NB: For now, sarus requires python3.8.

Now you can connect to the API from your favorite python environment with your email address and password:

>>> from sarus import Client
>>> client=Client(url="https://yoursarusinstance.sarus.tech/gateway/", email="your_email")

The Client object allows you to interact with the remote data in several ways. Below are some of the main features you may want to try.

Select a dataset

The first thing you need to do is to select a dataset to work on.

>>> client.list_datasets()
[<Sarus Dataset slugname=census id=1>,
 <Sarus Dataset slugname=your_dataset_name id=2>]

>>> remote_dataset = client.dataset(slugname="your_dataset_name")

You can print the list and names of the dataset’s tables with:

>>> remote_dataset.tables()
[['your_dataset_name','schema','firsttablename'],
['your_dataset_name','schema','secondtablename']]

Submit SQL queries

The dataset’s tables can be queried using SQL queries. Here is an example.

>>> import pandas as pd
>>> r = client.query("SELECT AVG(age) FROM your_dataset_name.schema.firsttablename)
>>> pd.DataFrame(r['result'], columns=r['columns'])

Explore private data with pandas

Pandas API can be used to explore and analyze the remote tables. See Python SDK Documentation for more details.

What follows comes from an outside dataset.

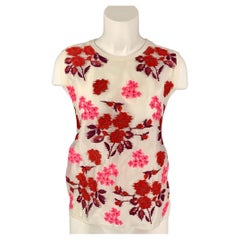 GIAMBATTISTA VALLI Size S White & Burgundy Cotton / Silk Floral Dress Top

>>> dataframe = remote_dataset.table(remote_dataset.tables()[0]).as_pandas()
>>> dataframe.head(10) # Falls back to synth data as seeing real rows is forbidden
>>> dataframe.describe()

Preprocess & model private data with pandas, numpy and sklearn

>>> from sarus.sklearn.model_selection import train_test_split
>>> from sarus.sklearn.ensemble import RandomForestClassifier
>>> from sarus.sklearn.metrics import accuracy_score

>>> dataframe = dataframe.fillna(0)
>>> target_colname = 'target'
>>> X = df.drop([target_colname], axis=1)
>>> y = df[target_colname]

>>> df.target.value_counts()/df.shape[0]
True     0.507101
False    0.492899
Name: target, dtype: float64

>>> result = train_test_split(X, y, test_size=0.2)
>>> X_train = result[0]
>>> X_test = result[1]
>>> y_train = result[2]
>>> y_test = result[3]

>>> model = RandomForestClassifier()
>>> fitted_model = model.fit(X_train, y_train)

>>> y_pred = fitted_model.predict(X_test)
>>> accuracy_score(y_pred, y_test)
0.897

Your model has been trained on the original unaltered data, for maximum performance!